Decentralized Trust: Essential Ideas Behind Blockchain Technology

05 Jul 2020 - Guanzhou Hu

The name Blockchain has been a hot word in the past few years. Despite the controversy behind some of its applications such as virtual currency, blockchain itself is actually an appealing proposal towards decentralized trust over the Internet. It is worth looking into when studying modern distributed systems, especially as a good example of the design and implementation of decentralized systems.

Centralized Trust vs. Decentralized Trust

Many online services over the Internet are built upon centralized trust, for example, an online banking server (or possibly a set of distributed servers) maintaining and managing all customers’ accounts and transactions, or a centralized CA signing web certificates. While this is a natural way of modeling “trust”, centralized trust does require all participants to fully rely on the integrity of the central service in order for the whole system to work. This often exposes the central service as a single point of failure in the sense of both trust and availability.

Decentralized trust describes a model where all participants of the system are equal and they all work together to somehow agree on a global consensus, without any central service. The “consensus” can take different forms for different applications - can be a global total ledger for virtual banking or a complete list of domain -> pub_key mapping for decentralized certificates.

Blockchain Overview

Blockchain¹ is the first successful design (and by now the only one AFAIK) of such a decentralized trust architecture. It forms the global consensus as a chain of signed blocks representing the complete global history. Each participant node holds a copy of this whole chain. When a participant wants to make an update to the consensus, it signs a new block describing the modifications, appends it to its copy of the chain, and propagates the new chain to others on the network in a peer-to-peer manner. At its essence, three core ideas support its design:

Chain of signed blocks as the global history as the consensus;
Longest chain protocol to resolve conflicts;
Proof-of-work + $k$-deep confirmation to ensure a high-level of correctness.

Decentralized apps (DApps) built upon blockchain architecture tend to scale flexibly by its distributed nature. However, that does not mean blockchain brings higher performance. In contrast, due to the need to maintain decentralized integrity, blockchain exposes a ridiculously high latency to operations and often delivers very poor throughput compared to highly-optimized centralized services. It also does not guarantee 100% confidence of behaving correctly and the integrity guarantee is very easy to break if a malicious participant holds nearly 50% of total computing power of all participants.

这段不知道怎么用合适的英文表达：Decentralization 更多是一种去中心化和独立化的 Geek 情怀在里面，个人认同但不认为现有的 Blockchain 设计能支持实现大规模的 Internet infrastructure，至今也只有少数原型被实现，暂未成大器。作为对比，另一个有此情怀的技术——Onion Routing & Tor——至少做出了点能用的东西 ² ³。

Despite, decentralization is still one of the future directions of distributed systems and worth further research.

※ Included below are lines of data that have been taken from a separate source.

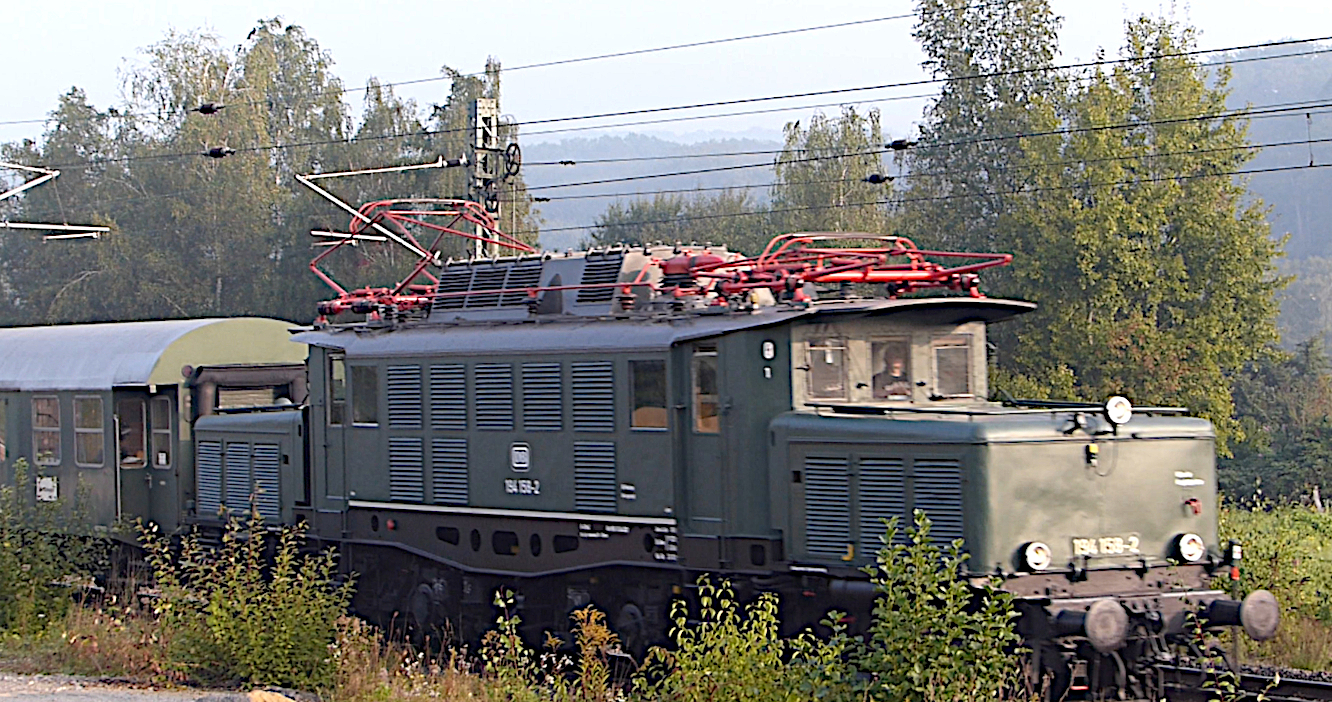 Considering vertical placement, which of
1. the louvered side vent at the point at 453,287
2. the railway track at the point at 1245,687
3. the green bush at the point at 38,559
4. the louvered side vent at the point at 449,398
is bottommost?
the railway track at the point at 1245,687

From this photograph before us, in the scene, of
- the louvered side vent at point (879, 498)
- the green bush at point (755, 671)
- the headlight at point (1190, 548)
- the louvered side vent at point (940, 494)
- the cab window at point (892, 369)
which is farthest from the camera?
the cab window at point (892, 369)

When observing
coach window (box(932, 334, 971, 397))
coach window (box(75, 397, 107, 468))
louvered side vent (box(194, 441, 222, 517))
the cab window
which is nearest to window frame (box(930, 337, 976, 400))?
coach window (box(932, 334, 971, 397))

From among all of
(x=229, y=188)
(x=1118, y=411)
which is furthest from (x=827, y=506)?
(x=229, y=188)

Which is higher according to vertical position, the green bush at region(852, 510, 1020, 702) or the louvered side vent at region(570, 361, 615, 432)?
the louvered side vent at region(570, 361, 615, 432)

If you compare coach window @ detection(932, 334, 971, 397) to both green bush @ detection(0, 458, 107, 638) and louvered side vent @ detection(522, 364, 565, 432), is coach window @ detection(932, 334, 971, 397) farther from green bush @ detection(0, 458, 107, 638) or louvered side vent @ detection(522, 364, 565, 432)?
green bush @ detection(0, 458, 107, 638)

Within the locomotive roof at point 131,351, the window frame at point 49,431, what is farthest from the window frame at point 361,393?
the window frame at point 49,431

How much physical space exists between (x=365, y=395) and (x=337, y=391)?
510 mm

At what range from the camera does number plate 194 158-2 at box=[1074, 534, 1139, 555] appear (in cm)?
1084

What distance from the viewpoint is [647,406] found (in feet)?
41.8

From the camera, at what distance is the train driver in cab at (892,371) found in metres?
12.3

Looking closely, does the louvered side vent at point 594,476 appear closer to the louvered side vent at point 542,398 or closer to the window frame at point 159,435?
the louvered side vent at point 542,398

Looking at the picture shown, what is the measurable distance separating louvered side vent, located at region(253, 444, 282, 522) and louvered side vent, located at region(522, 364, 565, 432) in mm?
4119

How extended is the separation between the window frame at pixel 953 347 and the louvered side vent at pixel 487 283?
4385 mm

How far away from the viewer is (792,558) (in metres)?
11.7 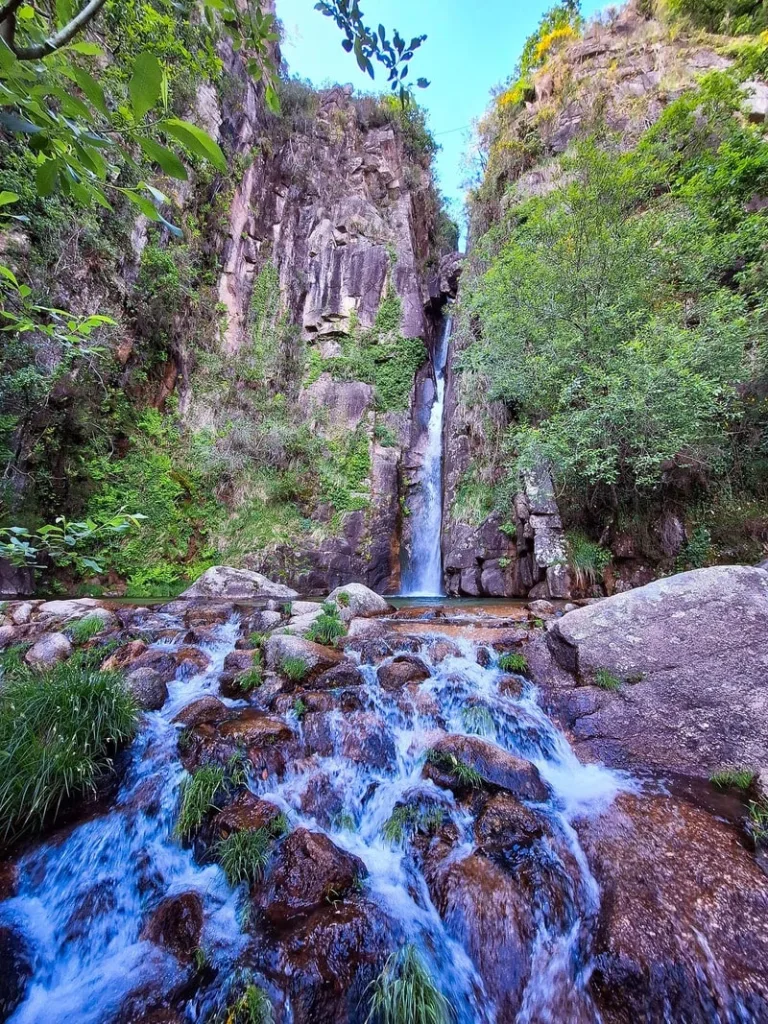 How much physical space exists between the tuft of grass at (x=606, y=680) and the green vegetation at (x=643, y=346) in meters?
4.56

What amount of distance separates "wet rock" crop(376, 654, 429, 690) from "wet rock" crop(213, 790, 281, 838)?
1740 mm

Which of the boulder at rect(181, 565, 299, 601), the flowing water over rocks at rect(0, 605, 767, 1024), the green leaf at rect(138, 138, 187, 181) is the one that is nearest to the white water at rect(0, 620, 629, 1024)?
the flowing water over rocks at rect(0, 605, 767, 1024)

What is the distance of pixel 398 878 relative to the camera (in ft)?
8.59

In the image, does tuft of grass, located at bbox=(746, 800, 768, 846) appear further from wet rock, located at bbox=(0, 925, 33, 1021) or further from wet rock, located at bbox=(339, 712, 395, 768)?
wet rock, located at bbox=(0, 925, 33, 1021)

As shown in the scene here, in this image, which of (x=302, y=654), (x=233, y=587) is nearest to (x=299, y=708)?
(x=302, y=654)

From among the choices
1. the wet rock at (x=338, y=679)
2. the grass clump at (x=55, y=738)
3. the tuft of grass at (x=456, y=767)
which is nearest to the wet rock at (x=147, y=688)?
the grass clump at (x=55, y=738)

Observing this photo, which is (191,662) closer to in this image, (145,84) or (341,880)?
(341,880)

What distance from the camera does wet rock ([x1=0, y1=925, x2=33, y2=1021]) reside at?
1.98m

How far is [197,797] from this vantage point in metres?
2.94

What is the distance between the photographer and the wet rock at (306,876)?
2381 millimetres

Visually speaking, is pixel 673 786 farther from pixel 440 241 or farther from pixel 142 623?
pixel 440 241

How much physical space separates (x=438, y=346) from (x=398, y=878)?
63.2 ft

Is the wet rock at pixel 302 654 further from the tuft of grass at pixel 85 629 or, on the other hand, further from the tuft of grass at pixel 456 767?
the tuft of grass at pixel 85 629

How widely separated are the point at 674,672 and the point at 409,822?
2.89m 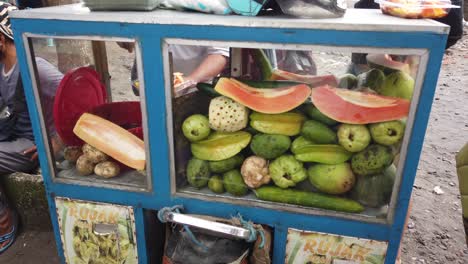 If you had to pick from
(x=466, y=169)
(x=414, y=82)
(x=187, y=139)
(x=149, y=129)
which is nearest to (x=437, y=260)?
(x=466, y=169)

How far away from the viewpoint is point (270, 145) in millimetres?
1444

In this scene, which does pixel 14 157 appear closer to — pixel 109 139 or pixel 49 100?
pixel 49 100

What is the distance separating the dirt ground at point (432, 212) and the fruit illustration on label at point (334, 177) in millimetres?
1329

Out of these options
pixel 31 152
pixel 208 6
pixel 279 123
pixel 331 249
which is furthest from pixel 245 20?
pixel 31 152

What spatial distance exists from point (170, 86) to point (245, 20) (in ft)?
1.21

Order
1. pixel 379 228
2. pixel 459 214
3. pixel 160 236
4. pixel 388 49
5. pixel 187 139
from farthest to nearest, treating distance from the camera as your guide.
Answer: pixel 459 214 < pixel 160 236 < pixel 187 139 < pixel 379 228 < pixel 388 49

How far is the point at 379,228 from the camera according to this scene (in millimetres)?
1411

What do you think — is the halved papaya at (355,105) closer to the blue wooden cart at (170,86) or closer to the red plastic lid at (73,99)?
the blue wooden cart at (170,86)

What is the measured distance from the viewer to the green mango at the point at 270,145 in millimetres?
1438

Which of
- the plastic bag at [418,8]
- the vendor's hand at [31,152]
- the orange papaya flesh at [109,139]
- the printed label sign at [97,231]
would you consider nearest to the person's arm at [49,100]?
the orange papaya flesh at [109,139]

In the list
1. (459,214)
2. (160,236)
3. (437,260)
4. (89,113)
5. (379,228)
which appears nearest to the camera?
(379,228)

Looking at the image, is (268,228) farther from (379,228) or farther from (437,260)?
(437,260)

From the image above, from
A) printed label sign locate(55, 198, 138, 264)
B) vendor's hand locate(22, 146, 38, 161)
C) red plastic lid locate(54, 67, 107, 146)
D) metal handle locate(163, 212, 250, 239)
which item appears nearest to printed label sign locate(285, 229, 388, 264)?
metal handle locate(163, 212, 250, 239)

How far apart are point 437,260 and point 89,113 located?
2.29 m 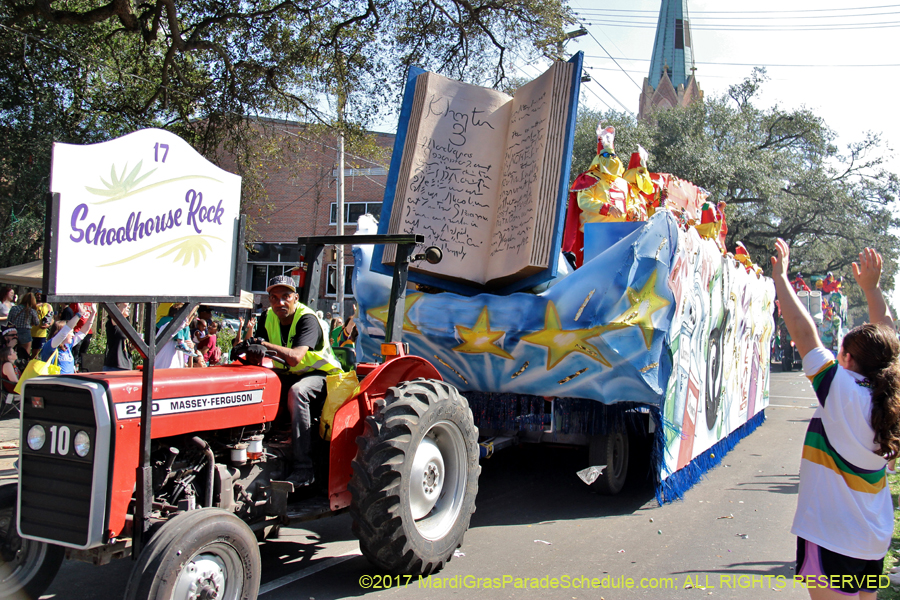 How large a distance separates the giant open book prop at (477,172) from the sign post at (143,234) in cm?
275

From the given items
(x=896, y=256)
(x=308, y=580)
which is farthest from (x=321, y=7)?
(x=896, y=256)

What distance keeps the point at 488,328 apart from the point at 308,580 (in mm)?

1. What to Agree On: Chain of Signed Blocks as the Global History

The first and the most fundamental piece of Blockchain is representing the global history as a chain of signed blocks. Initially, all participants start with a dummy block, indicating an empty history. When a participant $P$ wants to make new modifications to the global consensus, it batches its modifications into a new block and appends it to the end of the chain. A block consists of three significant components¹:

The proposed modifications;
Hash of the previous tail block in chain;
$P$’s signature covering the above two.

The most important thing here is that each block is now linked to its predecessor through the hash tag, forming a hash chain. We assume using a cryptographically-safe hash function here, which means it is not invertible and is almost impossible to find a different plaintext which gives exactly the same hash value. Once a chain has been formed, changing any bit anywhere in the middle of the chain will break subsequent hash links and, therefore, fail the hash checks. Thus, for any such chain, we can simply traverse through it from beginning to end to verify that it is a valid history, i.e.,

Chain starts with initial block and all hash links are not broken;
Every block is correctly signed by its proposer;
There is no single timepoint throughout the history that violates application-specific rules (e.g., balance cannot go below $0).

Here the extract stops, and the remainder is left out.